Every line with the word "Ball" in it should be extracted from the data that follows.

### EXERCISE MATERIALS

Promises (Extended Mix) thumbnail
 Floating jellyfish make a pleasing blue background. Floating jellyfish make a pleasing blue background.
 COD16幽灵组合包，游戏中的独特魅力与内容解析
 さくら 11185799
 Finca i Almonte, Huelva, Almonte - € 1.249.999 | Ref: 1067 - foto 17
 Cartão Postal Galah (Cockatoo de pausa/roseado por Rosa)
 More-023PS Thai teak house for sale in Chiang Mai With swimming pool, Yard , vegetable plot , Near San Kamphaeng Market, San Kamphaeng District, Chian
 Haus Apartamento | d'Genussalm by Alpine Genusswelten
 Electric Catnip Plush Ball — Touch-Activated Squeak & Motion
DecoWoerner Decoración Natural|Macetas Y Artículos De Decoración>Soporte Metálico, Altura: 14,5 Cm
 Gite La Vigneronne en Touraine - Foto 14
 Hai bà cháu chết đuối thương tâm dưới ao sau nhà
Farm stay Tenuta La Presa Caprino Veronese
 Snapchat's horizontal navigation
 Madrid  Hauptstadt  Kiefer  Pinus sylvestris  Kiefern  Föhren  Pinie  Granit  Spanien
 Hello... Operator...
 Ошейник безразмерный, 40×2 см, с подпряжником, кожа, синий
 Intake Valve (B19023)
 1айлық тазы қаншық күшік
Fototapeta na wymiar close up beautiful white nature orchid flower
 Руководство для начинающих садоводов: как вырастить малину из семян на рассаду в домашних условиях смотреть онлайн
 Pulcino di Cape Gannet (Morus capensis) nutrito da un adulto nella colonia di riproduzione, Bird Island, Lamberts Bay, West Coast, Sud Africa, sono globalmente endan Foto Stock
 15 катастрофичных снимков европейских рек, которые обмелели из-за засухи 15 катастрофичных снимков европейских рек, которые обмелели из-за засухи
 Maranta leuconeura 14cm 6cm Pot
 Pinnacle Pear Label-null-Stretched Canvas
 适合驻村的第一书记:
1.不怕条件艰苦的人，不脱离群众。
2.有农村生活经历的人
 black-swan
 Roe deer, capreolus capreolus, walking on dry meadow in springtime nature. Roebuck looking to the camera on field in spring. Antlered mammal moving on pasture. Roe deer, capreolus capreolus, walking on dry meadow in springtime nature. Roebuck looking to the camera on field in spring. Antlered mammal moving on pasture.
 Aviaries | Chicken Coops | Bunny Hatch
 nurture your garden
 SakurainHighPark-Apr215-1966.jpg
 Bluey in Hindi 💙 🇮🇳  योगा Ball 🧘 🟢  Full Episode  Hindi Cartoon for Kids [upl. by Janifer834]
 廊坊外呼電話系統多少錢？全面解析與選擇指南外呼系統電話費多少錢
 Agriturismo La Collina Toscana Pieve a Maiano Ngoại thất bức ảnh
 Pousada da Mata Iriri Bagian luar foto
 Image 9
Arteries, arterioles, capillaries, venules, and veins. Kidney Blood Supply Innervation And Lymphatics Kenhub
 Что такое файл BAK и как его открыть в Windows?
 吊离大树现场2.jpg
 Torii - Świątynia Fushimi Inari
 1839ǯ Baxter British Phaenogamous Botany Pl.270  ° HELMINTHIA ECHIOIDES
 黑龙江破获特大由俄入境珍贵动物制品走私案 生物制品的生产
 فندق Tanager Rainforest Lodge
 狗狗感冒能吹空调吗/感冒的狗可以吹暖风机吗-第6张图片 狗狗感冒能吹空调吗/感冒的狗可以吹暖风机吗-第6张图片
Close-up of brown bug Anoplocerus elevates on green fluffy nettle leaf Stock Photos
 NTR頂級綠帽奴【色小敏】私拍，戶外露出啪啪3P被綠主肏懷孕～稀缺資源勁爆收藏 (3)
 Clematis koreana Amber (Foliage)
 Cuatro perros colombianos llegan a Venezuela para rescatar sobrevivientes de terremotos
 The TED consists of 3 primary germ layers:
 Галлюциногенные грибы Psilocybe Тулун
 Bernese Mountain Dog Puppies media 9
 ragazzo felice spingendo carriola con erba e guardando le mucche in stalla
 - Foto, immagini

######

## SOLUTION TO THE PROBLEM
 Electric Catnip Plush Ball — Touch-Activated Squeak & Motion
 Bluey in Hindi 💙 🇮🇳  योगा Ball 🧘 🟢  Full Episode  Hindi Cartoon for Kids [upl. by Janifer834]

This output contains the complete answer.